I haven’t been back since. This is in part because 1) I hate the dentist 2) We’re self-employed and it’s generally cheaper to pay out of pocket than the ridiculous dental insurance premiums and 3) I haven’t wanted to spend any more money on my mouth, especially since we finally paid off our garganuan medical bills.

The kids and I went for a check-up last summer and they had a perfect bill of health. Me, on the other hand? Over $3,000 in work. And so I did what any rational, cheap, dentist-hating person would do: I didn’t go back.

However, the right side of my mouth constantly aches, particularly after I eat sweets like gummy bears. And because no person should have to live a life without gummy bears I went back for Phase 1 of my treatment plan on Monday.

Note: dentists and Mondays go together like fish and water.

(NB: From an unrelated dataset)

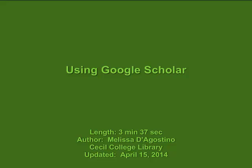Welcome to the Cecil College Library. This short tutorial will teach users how to use Google in a more scholarly way by utilizing Google Scholar. Google Scholar searches for books and articles from academic sources and indicates which are available freely online.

One of my pet peeves of dentists is they carry on a conversation as if you can somehow answer back. Mine particularly liked pointing out all my mouth’s shortcomings, observing, “We’ll have to have a conversation later about all this decay and why it’s happening when you’re so young.”  Sure, Dude. Can’t wait for that one.

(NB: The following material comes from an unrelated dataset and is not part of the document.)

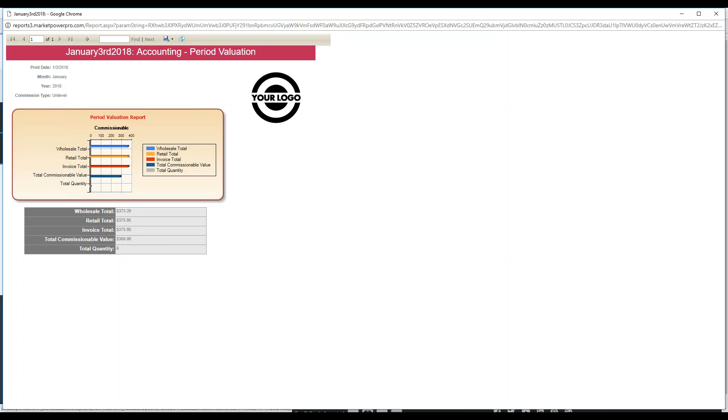And here's the total quantities for January. That gives you a little bit more information about how you can check for a particular month for accounting purposes using the Period Valuation Report.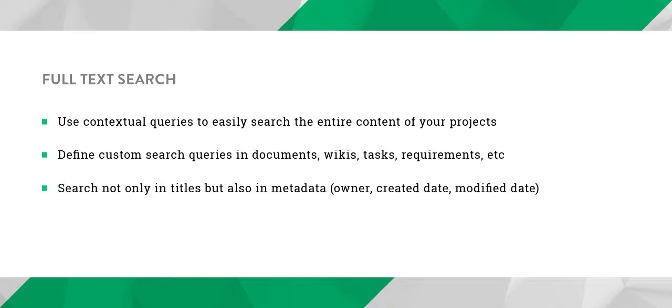The Full Text Search functionality will help you search on all artifacts such as documents, wikis, tasks, requirements and much more.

He didn’t keep me in suspense for long. After fitting me for a crown (nope, not the royal kind), he asked me my age. “I’m 41,” I replied.

“Really? I thought you were 10 years younger!” and he didn’t pursue the “you’re too young to have rotting teeth lecture.”

My takeaway was two-fold. 1) He thought I was in my early-30s (hurray!) and 2) apparently my level of decay is perfectly acceptable for an over-the-hill 40-year-old.

Either way, I’ll take it.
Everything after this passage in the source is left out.